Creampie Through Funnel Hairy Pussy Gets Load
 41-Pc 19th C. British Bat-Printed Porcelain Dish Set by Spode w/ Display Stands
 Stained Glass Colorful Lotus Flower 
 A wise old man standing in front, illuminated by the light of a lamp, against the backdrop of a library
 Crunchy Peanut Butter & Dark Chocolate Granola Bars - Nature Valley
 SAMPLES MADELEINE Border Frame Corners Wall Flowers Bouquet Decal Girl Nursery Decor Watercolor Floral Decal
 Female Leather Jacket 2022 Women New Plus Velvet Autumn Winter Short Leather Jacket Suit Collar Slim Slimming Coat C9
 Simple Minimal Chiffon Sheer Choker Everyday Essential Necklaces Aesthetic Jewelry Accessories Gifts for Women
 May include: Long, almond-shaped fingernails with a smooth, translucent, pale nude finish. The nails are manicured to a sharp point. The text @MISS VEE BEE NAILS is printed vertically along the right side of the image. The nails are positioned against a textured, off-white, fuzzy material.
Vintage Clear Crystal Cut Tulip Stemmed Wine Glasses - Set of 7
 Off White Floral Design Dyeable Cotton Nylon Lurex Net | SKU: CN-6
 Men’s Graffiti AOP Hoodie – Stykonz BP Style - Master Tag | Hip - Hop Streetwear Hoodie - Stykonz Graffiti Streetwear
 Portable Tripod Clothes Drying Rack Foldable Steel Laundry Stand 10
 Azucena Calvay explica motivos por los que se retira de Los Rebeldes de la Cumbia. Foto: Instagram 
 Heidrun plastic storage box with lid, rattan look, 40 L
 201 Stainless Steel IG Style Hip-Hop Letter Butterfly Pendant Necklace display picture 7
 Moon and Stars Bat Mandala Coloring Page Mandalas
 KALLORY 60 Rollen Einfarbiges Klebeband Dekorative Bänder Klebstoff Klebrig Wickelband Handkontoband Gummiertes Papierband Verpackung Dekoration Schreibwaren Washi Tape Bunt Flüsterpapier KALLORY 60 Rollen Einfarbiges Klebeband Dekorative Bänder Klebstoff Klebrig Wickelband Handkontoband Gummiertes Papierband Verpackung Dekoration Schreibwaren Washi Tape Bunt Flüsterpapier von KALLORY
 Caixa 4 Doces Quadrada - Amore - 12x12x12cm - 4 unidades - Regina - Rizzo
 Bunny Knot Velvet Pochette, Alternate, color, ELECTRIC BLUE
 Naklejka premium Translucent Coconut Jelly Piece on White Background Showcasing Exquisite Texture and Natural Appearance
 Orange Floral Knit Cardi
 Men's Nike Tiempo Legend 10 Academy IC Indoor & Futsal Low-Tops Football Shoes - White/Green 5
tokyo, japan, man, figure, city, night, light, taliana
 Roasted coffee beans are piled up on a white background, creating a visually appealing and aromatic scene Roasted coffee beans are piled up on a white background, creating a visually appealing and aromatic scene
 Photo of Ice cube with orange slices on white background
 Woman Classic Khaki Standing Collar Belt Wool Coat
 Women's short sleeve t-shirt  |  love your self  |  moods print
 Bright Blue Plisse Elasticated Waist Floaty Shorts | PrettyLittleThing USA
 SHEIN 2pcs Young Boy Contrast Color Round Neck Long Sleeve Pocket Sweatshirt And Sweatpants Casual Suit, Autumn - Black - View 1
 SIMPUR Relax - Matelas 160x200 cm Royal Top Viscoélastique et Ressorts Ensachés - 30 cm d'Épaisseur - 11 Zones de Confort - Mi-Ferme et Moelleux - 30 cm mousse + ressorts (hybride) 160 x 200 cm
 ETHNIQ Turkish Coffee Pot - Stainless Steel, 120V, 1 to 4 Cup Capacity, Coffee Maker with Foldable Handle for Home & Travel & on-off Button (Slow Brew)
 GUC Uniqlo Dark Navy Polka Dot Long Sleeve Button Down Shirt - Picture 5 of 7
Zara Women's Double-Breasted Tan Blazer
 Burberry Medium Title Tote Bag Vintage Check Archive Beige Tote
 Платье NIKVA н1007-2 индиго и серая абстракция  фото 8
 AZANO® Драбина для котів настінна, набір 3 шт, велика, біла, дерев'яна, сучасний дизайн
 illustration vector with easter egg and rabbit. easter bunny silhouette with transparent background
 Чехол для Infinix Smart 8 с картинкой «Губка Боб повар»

* WHAT YOU SHOULD DO
Reproducing the whole listing above is not the task. Copy exactly only the lines from the one with "Men’s Graffiti AOP" to the one with "tokyo, japan, man, figure, city, night, light, taliana", both kept.

* RESULT FOR THIS TASK
 Men’s Graffiti AOP Hoodie – Stykonz BP Style - Master Tag | Hip - Hop Streetwear Hoodie - Stykonz Graffiti Streetwear
 Portable Tripod Clothes Drying Rack Foldable Steel Laundry Stand 10
 Azucena Calvay explica motivos por los que se retira de Los Rebeldes de la Cumbia. Foto: Instagram 
 Heidrun plastic storage box with lid, rattan look, 40 L
 201 Stainless Steel IG Style Hip-Hop Letter Butterfly Pendant Necklace display picture 7
 Moon and Stars Bat Mandala Coloring Page Mandalas
 KALLORY 60 Rollen Einfarbiges Klebeband Dekorative Bänder Klebstoff Klebrig Wickelband Handkontoband Gummiertes Papierband Verpackung Dekoration Schreibwaren Washi Tape Bunt Flüsterpapier KALLORY 60 Rollen Einfarbiges Klebeband Dekorative Bänder Klebstoff Klebrig Wickelband Handkontoband Gummiertes Papierband Verpackung Dekoration Schreibwaren Washi Tape Bunt Flüsterpapier von KALLORY
 Caixa 4 Doces Quadrada - Amore - 12x12x12cm - 4 unidades - Regina - Rizzo
 Bunny Knot Velvet Pochette, Alternate, color, ELECTRIC BLUE
 Naklejka premium Translucent Coconut Jelly Piece on White Background Showcasing Exquisite Texture and Natural Appearance
 Orange Floral Knit Cardi
 Men's Nike Tiempo Legend 10 Academy IC Indoor & Futsal Low-Tops Football Shoes - White/Green 5
tokyo, japan, man, figure, city, night, light, taliana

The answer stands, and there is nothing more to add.